Well I would think that when the mom does it with her puppies and they
hardly weigh anything it's probably not too bad, but I would imagine that
after they get some weight on them it would hurt being picked up by your
flesh. Lets face it, we wouldn't like it and neither would they. Sounds to me
like another form of abuse.







I will be interested in hearing what other
members think about this method.


----------



## HappyB (Feb 28, 2005)

> > index.php?act=findpost&pid=248363
> 
> 
> 
> ...



I don't recall seeing it done here. Maybe it's because the pups are settled in a safe area. Today though, one of the little five week old girls walked from the bathroom out into the kitchen. Her mom just left her there.
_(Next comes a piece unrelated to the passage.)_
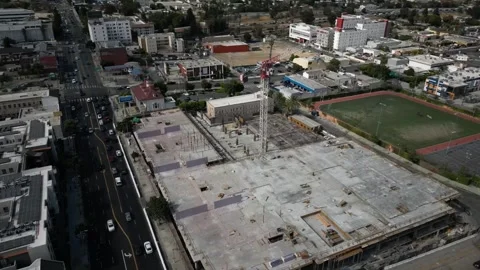 Soaring High Circling a Tower Crane at a Downtown LA Construction Site Vídeo Stock 240252562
I finally picked her up (and not by the neck) and took her back to her box--which is going to be exchanged for a larger one before I go to bed.


----------



## Harley & Dakotas Mum (Jun 11, 2005)

Yeah, I don't really like the idea of it either, not for me anyways especially as there are so many other forms of positive enforcement training methods out there. JMO.


----------



## suTQ (Jul 13, 2006)

> Yeah, I don't really like the idea of it either, not for me anyways especially as there are so many other forms of positive enforcement training methods out there. JMO.[/B]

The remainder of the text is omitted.